## Task requirements
Return only these lines: the one that contains "Dessin d'une tête" and every line after it through the end of the listing, exactly, without pictures.

## Collected data
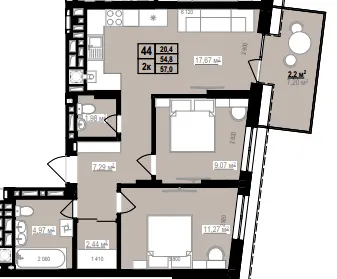 ЖК PRAUD Rise — 57 м²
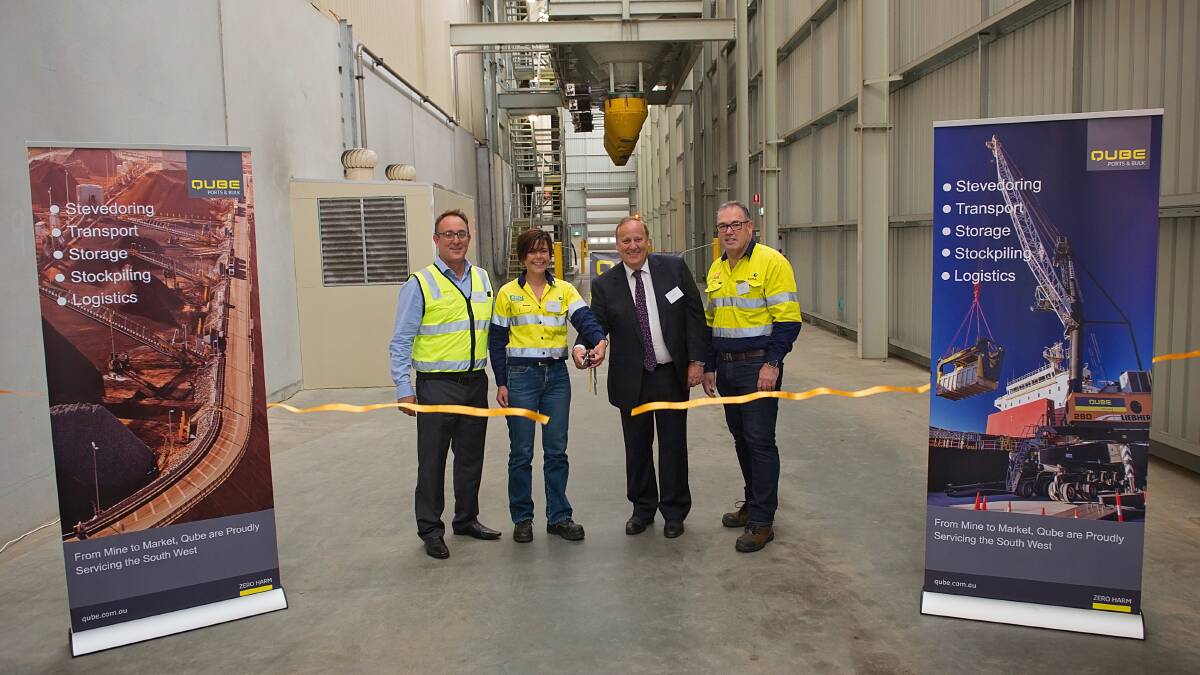 Qube Bulk director Todd Emmert, Iluka Resources manager of transprot and logistics Naomi Milne, Bunbury MLA Don Punch and Iluka Resources South West operations manager Garry Green at the opening of the Picton facility. 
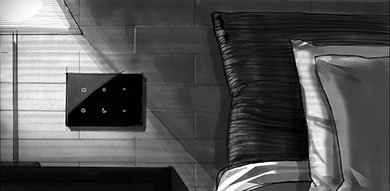 Dessin d'une tête de lit, d'une table de chevet et d'une lampe avec un produit UX for upscale hotels de la marque Legrand.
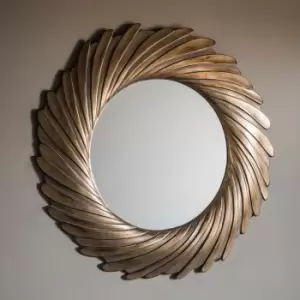 Image of Iskra Wall Mirror 100x100cm Gold Effect Verdigris Gold Effect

## Task response
 Dessin d'une tête de lit, d'une table de chevet et d'une lampe avec un produit UX for upscale hotels de la marque Legrand.
 Image of Iskra Wall Mirror 100x100cm Gold Effect Verdigris Gold Effect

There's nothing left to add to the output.